DreamHost do have a million sites so you can get in trouble if your load goes up, but then it’s just a matter of ensuring you have the right service with them. They are also the only ones who blog about their problems. I like the openness as it’s a big indication of where the management is at.
I agree too that one should never use the same company for hosting and DNS.
I also use a virtual credit card number so neither can charge my credit card repeatedly.
I understand GoDaddy can sell your DNS without your approval if you use their “anonymous” service.. as they are listed as the owner… Is this true??? I’d stay away from them for a multitude of other reasons anyways.
I have also heard bad reports of Mail dot com forcing upgrades once you become a regular user of their system…. ouch. Scams everywhere….
Most cell phone numbers work as an email address, for small messages. For example, my provider is Verizon, so if you send an email to ##########@vtext.com (insert my cell number) then I get a vibration in my pants pocket. Hooray for me.
You should figure out the email address for your own cell phone, and use that as a contact for your downtime-monitoring service. You may want to configure a little different so that you’ll get fewer messages.
I’ve noticed that when I send a text or multimedia message to a phone number, I don’t need to know the “domain” part of the phone number. I once sent the same message to my normal email address simultaneously with the “text” message to another phone using another carrier, which allowed me to see all the recipients in the email header I received. My phone automatically inserted the same domain for the phone number I was sending to as that used by my carrier and it worked. Since the number completely defines the destination, my theory is that all email messages to any cell phone number can use any cell carrier’s domain. Anyone care to comment on that unproven theory?
Ronc, what you are doing is not email, but SMS or MMS, which is exactly as you describe for cell phone to cell phone communication. It generally doesn’t work to a standard land phone line.
I have yet to see an email client that didn’t barf at phone number as an address, though I can imagine some smart phone email clients might redirect such addresses to SMS or MMS as appropriate.
I’m talking about an email client on my computer. It treats the sms/mms (phone # @carrier.net) message and an email. The email program or service doesn’t know what a cell phone is, it just takes the address and uses it. The trick is for the carrier that receives it route it to the correct cell phone based on some sort of mutually kept list explaining which cell carrier currently “owns” the 10-digit number. That’s how all phone calls and all cell mms/sms are routed, why not messages created in an email? As Howard says, email already works if you put in the correct carrier domain. My point is it should work even if you use the incorrect domain just like cell-to-cell mms/sms.

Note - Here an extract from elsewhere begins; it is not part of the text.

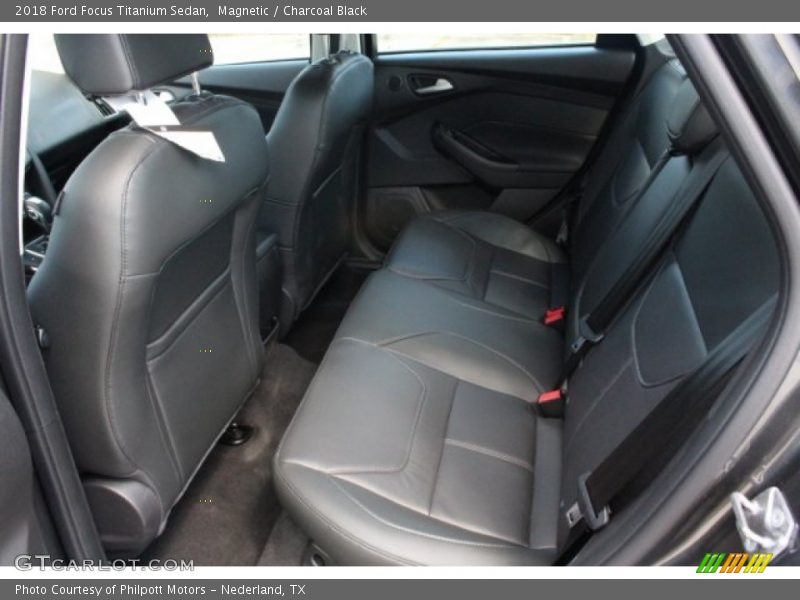 Magnetic / Charcoal Black 2018 Ford Focus Titanium Sedan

Ah, now I see what you are talking about Ronc. From your first post it sounded like you where trying to put in just the phone number as the full email address, rather than just putting in a random cell phone provider’s domain after the @. The only email client you mentioned was a phone.

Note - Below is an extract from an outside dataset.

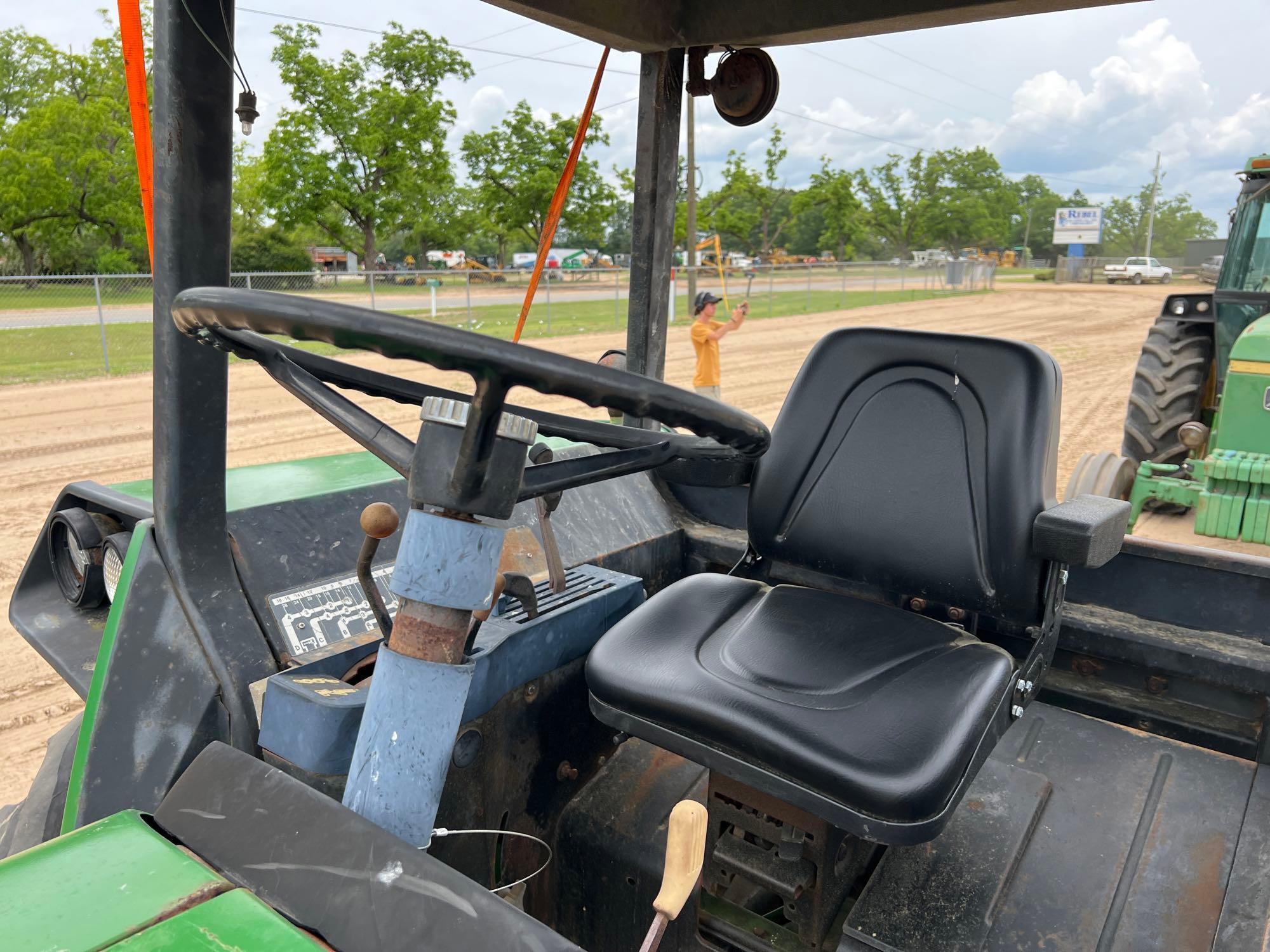 JOHN DEERE 4040 TRACTOR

I think one big reason why this doesn’t work universally can be best summed up as “Roaming charges”. I would bet that your provider is well connected with the provider of the number you were sending too. Remember that email infrastructure does have a cost, and why should I pay for some other providers’ users to email some other providers’ users? Where it would make sense would be only from mail sent from a phone with an account that is part of that phone’s service, that the delivery out bound might be (perceived?)cheaper switching it to SMS/MMS rather than go the SMTP route and some of the spam implications there (as if they don’t exist on SMS/MMS)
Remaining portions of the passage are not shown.